Thursday, 17 July 2008

Thai Air Force set to evacuate Thais in Cambodia if tensions escalate

BANGKOK, July 17 (Xinhua) -- The Royal Thai Air Force aircraft are ready and standby to fly out Thai nationals living in Cambodiaif tensions flare over the disputed Thai-Cambodian border at the ancient Preah Vihear temple, Thai Air Chief Chalit Phukbhasuk said Thursday.

"If the situation worsens, the Air Force can assist on a 24-hour basis and can lift out Thai nationals to repatriate them within one hour. Officials are now well prepared for the operation," Chalit was quoted by the state-run Thai News Agency as saying.

He said concerned Thai security officials -- including Prime Minister Samak Sundaravej who also serves as defense minister, military commanders, the supreme commander and the permanent secretary for defense -- have conducted an ongoing discussion on ways to defuse the tensions.

He said Thais should refrain from intruding into the disputed area because it is dangerous.

ACM Chalit's remarks were made following reports that both Thailand and Cambodia had reinforced their troops at and near the competing claims to the approaches to the historic Preah Vihear temple, listed by UNESCO earlier this month as a World Heritage Site.

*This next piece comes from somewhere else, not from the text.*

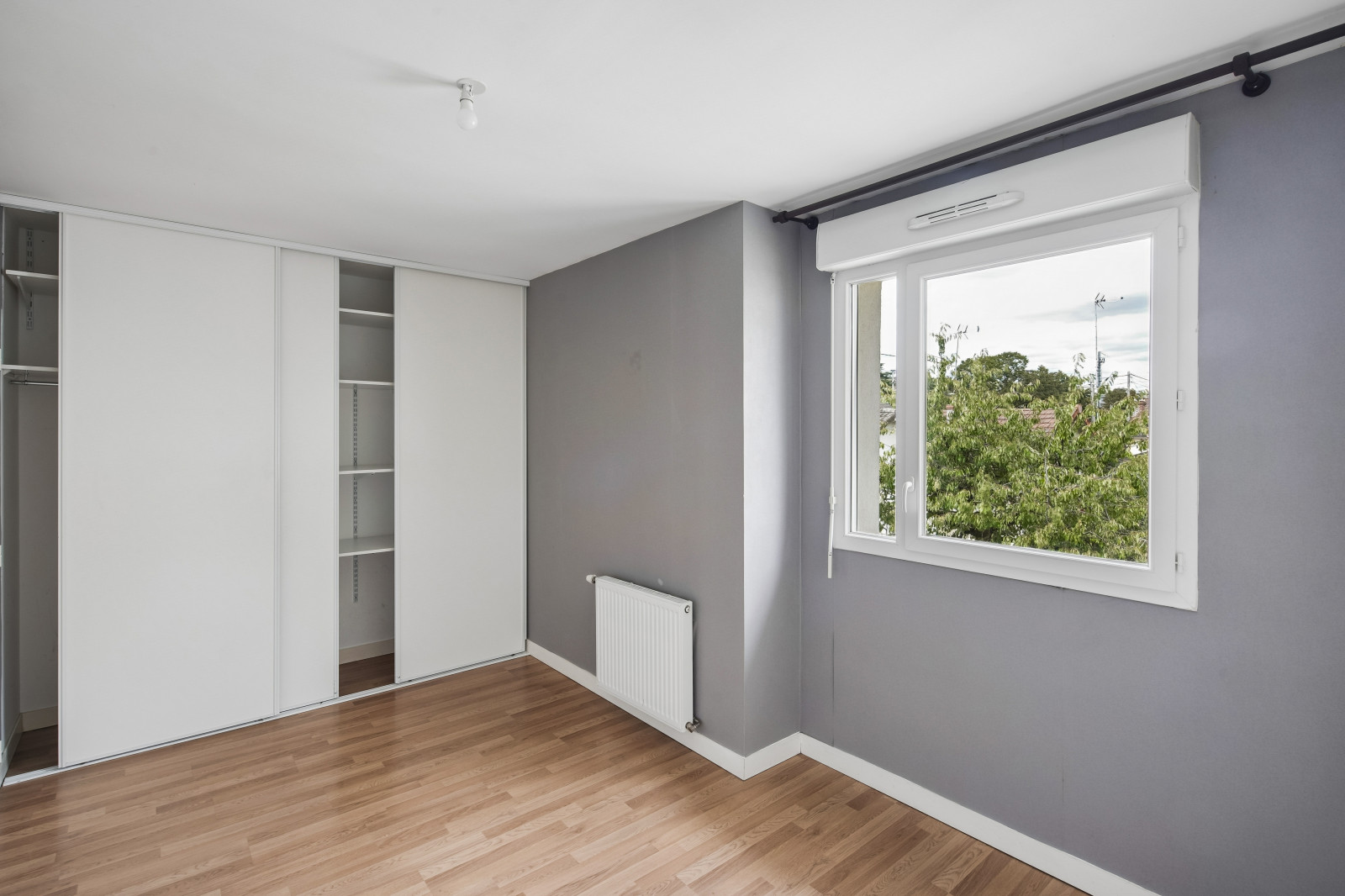 Vente Maison individuelle avec jardin privatif - Conflans-Sainte-Honorine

Both countries historically laid claim to the 11th century temple, which now sits on Cambodian soil following the action of the International Court of Justice which awarded the ancient temple to Cambodia in 1962. However, the temple can practicably only be accessed from Thailand.

However, the exact demarcation of the border around the ruins remains in contention.

The security situation around the temple deteriorated after three Thais, including a Buddhist monk, were briefly detained by Cambodian soldiers after surreptitiously crossing into the disputed border area on Tuesday. The trio were released the same day but refused to leave the 4.6 square kilometer disputed area adjoining the temple complex.

Thailand first issued a warning that travel to the vicinity of the temple be avoided, but later closed off access altogether within 10 kilometers of the temple.